■ WHAT IS NEEDED ■
Every line of the data should be output word for word.

Start of Block

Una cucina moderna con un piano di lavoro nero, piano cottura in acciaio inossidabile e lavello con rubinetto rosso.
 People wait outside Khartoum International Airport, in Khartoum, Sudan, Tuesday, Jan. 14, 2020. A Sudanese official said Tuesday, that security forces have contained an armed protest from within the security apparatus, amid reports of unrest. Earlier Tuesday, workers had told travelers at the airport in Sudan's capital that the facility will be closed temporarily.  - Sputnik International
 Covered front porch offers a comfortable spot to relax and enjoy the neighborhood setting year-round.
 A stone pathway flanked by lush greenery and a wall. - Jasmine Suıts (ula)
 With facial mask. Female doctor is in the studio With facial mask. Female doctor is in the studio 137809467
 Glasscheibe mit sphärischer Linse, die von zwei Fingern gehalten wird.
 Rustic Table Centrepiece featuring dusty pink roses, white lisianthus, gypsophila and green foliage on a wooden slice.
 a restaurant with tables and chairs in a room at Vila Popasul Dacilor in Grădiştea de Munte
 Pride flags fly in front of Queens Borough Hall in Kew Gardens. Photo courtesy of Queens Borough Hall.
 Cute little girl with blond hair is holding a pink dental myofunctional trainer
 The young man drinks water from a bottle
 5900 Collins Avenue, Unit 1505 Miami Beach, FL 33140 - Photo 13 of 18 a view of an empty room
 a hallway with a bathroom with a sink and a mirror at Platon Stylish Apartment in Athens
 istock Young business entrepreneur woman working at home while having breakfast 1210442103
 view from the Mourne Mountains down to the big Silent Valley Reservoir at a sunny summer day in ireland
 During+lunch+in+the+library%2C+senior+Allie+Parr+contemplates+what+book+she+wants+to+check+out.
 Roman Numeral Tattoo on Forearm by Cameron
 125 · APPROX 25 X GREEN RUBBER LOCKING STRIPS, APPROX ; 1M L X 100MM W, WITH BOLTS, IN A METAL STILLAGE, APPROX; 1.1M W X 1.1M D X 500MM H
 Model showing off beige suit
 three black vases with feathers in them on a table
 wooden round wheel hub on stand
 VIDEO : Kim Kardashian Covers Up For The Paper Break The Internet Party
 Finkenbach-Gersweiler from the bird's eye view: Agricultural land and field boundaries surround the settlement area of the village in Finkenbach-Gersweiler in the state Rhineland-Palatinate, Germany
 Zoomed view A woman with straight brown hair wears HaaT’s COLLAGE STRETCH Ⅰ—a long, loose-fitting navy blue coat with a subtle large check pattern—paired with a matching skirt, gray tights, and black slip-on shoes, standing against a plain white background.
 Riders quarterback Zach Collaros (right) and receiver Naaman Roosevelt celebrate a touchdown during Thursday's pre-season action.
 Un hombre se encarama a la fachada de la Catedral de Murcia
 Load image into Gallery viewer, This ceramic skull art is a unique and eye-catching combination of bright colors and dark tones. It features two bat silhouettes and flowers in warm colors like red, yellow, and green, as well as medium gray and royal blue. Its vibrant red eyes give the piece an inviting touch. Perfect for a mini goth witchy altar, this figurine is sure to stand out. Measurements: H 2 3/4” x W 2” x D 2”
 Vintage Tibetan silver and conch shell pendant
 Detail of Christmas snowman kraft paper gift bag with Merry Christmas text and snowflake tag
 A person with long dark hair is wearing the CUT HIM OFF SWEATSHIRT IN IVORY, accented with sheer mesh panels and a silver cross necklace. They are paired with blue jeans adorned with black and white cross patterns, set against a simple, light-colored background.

End of Block

■ ANSWER SECTION ■
Una cucina moderna con un piano di lavoro nero, piano cottura in acciaio inossidabile e lavello con rubinetto rosso.
 People wait outside Khartoum International Airport, in Khartoum, Sudan, Tuesday, Jan. 14, 2020. A Sudanese official said Tuesday, that security forces have contained an armed protest from within the security apparatus, amid reports of unrest. Earlier Tuesday, workers had told travelers at the airport in Sudan's capital that the facility will be closed temporarily.  - Sputnik International
 Covered front porch offers a comfortable spot to relax and enjoy the neighborhood setting year-round.
 A stone pathway flanked by lush greenery and a wall. - Jasmine Suıts (ula)
 With facial mask. Female doctor is in the studio With facial mask. Female doctor is in the studio 137809467
 Glasscheibe mit sphärischer Linse, die von zwei Fingern gehalten wird.
 Rustic Table Centrepiece featuring dusty pink roses, white lisianthus, gypsophila and green foliage on a wooden slice.
 a restaurant with tables and chairs in a room at Vila Popasul Dacilor in Grădiştea de Munte
 Pride flags fly in front of Queens Borough Hall in Kew Gardens. Photo courtesy of Queens Borough Hall.
 Cute little girl with blond hair is holding a pink dental myofunctional trainer
 The young man drinks water from a bottle
 5900 Collins Avenue, Unit 1505 Miami Beach, FL 33140 - Photo 13 of 18 a view of an empty room
 a hallway with a bathroom with a sink and a mirror at Platon Stylish Apartment in Athens
 istock Young business entrepreneur woman working at home while having breakfast 1210442103
 view from the Mourne Mountains down to the big Silent Valley Reservoir at a sunny summer day in ireland
 During+lunch+in+the+library%2C+senior+Allie+Parr+contemplates+what+book+she+wants+to+check+out.
 Roman Numeral Tattoo on Forearm by Cameron
 125 · APPROX 25 X GREEN RUBBER LOCKING STRIPS, APPROX ; 1M L X 100MM W, WITH BOLTS, IN A METAL STILLAGE, APPROX; 1.1M W X 1.1M D X 500MM H
 Model showing off beige suit
 three black vases with feathers in them on a table
 wooden round wheel hub on stand
 VIDEO : Kim Kardashian Covers Up For The Paper Break The Internet Party
 Finkenbach-Gersweiler from the bird's eye view: Agricultural land and field boundaries surround the settlement area of the village in Finkenbach-Gersweiler in the state Rhineland-Palatinate, Germany
 Zoomed view A woman with straight brown hair wears HaaT’s COLLAGE STRETCH Ⅰ—a long, loose-fitting navy blue coat with a subtle large check pattern—paired with a matching skirt, gray tights, and black slip-on shoes, standing against a plain white background.
 Riders quarterback Zach Collaros (right) and receiver Naaman Roosevelt celebrate a touchdown during Thursday's pre-season action.
 Un hombre se encarama a la fachada de la Catedral de Murcia
 Load image into Gallery viewer, This ceramic skull art is a unique and eye-catching combination of bright colors and dark tones. It features two bat silhouettes and flowers in warm colors like red, yellow, and green, as well as medium gray and royal blue. Its vibrant red eyes give the piece an inviting touch. Perfect for a mini goth witchy altar, this figurine is sure to stand out. Measurements: H 2 3/4” x W 2” x D 2”
 Vintage Tibetan silver and conch shell pendant
 Detail of Christmas snowman kraft paper gift bag with Merry Christmas text and snowflake tag
 A person with long dark hair is wearing the CUT HIM OFF SWEATSHIRT IN IVORY, accented with sheer mesh panels and a silver cross necklace. They are paired with blue jeans adorned with black and white cross patterns, set against a simple, light-colored background.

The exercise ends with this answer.